Absolutely perfect Pan-Roasted Porterhouse Steak with creamy White beans is an excellent dinner. The T-bone and porterhouse are steaks of beef cut from the short loin. Both steaks include a “T-shaped” bone with meat on each side. Porterhouse steaks are cut from the rear end of the short loin and thus include more tenderloin steak, along with (on the other side of the bone) a large strip steak.

This delicious Porterhouse Steak also pairs well with Easy Potato Soufflé, Roasted Sweet Potatoes with Honey and Cinnamon or Romanoff Potatoes.

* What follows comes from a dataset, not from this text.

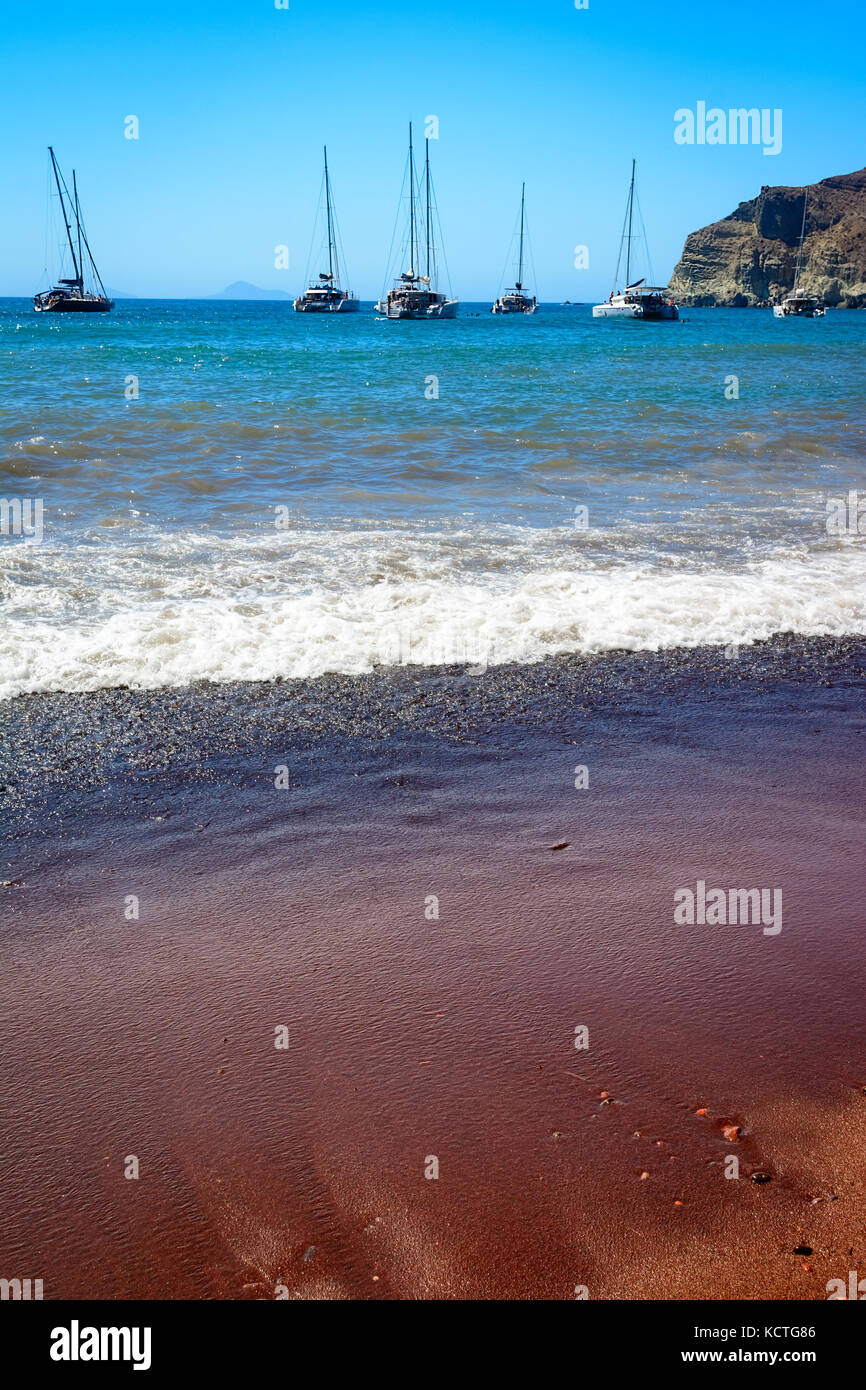 Red Beach, Akrotiri, Greece, Cyclades Islands - Santorini-Thira- one of the most famous beaches of island known for unique color of the sand and surro Stock Photo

  • 1 porterhouse steak, about 1 1/2 lb. and 1 1/4 to 1 1/2 inches thick, patted dry
  • 1 Tbs. olive oil, plus more for serving
  • Kosher salt and freshly ground pepper, to taste

For the creamy white beans

  • 2 Tbs. olive oil
  • 1 leek, white portion only, rinsed and finely chopped
  • 1 garlic clove, minced
  • 1 can (15 oz.) cannellini beans, rinsed and drained
  • 1 tsp. fresh lemon juice
  • 1/4 tsp. kosher salt
  • Freshly ground pepper, to taste
  • 1 Tbs. heavy cream
  • 1 Tbs. coarsely chopped fresh flat-leaf parsley
  • 1 tsp. minced fresh rosemary


  1. Rub both sides of the steak with the 1 Tbs. olive oil. Let stand at room temperature for 1 to 1 1/2 hours.
  2. Heat a large, ovenproof fry pan over high heat until it is very hot, about 3 minutes. Season one side of the steak generously with salt. Add enough olive oil to the pan to coat the bottom and reduce the heat to medium-high. When the oil is shimmering, use tongs to place the steak, salted side down, in the pan, and cook without moving the steak for 2 1/2 minutes. Season the top with salt, turn the steak over and season with pepper. Cook for 2 1/2 minutes more. Transfer the steak to a rack set over a plate, and let stand at room temperature for at least 30 minutes.
  3. Meanwhile, make the creamy white beans: In a fry pan over medium-low heat, warm 1 Tbs. of the olive oil. Add the leek and cook, stirring occasionally, until softened, about 5 minutes. Add the garlic, stir once and remove from the heat. In a food processor, combine the beans, the remaining 1 Tbs. olive oil, the lemon juice, salt and a few grinds of pepper and process until smooth. Stir the bean mixture into the leeks and add the cream, parsley and rosemary. Place over medium-low heat until warmed through.
  4. Preheat an oven to 425°F.
  5. Return the steak to the pan, place in the oven and cook until an instant-read thermometer inserted into the steak, away from the bone, registers 130° to 135°F for medium-rare, about 12 minutes, or until done to your liking. Transfer the steak to the rack and let rest, uncovered, for 5 to 8 minutes.
  6. Cut the sirloin away from the bone on one side and the filet section on the other. Cut across the grain into thick slices. Arrange on plates. Serve immediately with the creamy white beans, passing olive oil at the table for drizzling.